Bayern – In Bayerns Molkereien und Käsereien könnte es in den kommenden Wochen zu Warnstreiks kommen. Die Gewerkschaft NGG begründet den Schritt mit festgefahrenen Tarifverhandlungen. Nach Angaben der Gewerkschaft arbeiten rund 20.000 Menschen in der bayerischen Milchwirtschaft. Sollte es zu längeren Arbeitsniederlegungen kommen, seien nach Einschätzung der NGG auch erste Lücken in den Kühlregalen möglich.

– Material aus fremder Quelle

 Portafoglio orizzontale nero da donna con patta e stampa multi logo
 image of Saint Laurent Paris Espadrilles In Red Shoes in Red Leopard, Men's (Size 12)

Die Gewerkschaft Nahrung-Genuss-Gaststätten (NGG) kündigt Warnstreiks in Molkereien und Käsereien im Freistaat an. Hintergrund ist der Tarifstreit mit den Arbeitgebern. Nach Angaben der Gewerkschaft reichen die bisherigen Angebote der Arbeitgeber nicht aus.
Der Landesbezirksvorsitzende der NGG Bayern und Verhandlungsführer Mustafa Öz erklärt, die Beschäftigten seien durch hohe Arbeitsbelastung und zahlreiche Überstunden stark gefordert. Gleichzeitig erschwere der Fachkräftemangel die Situation zusätzlich.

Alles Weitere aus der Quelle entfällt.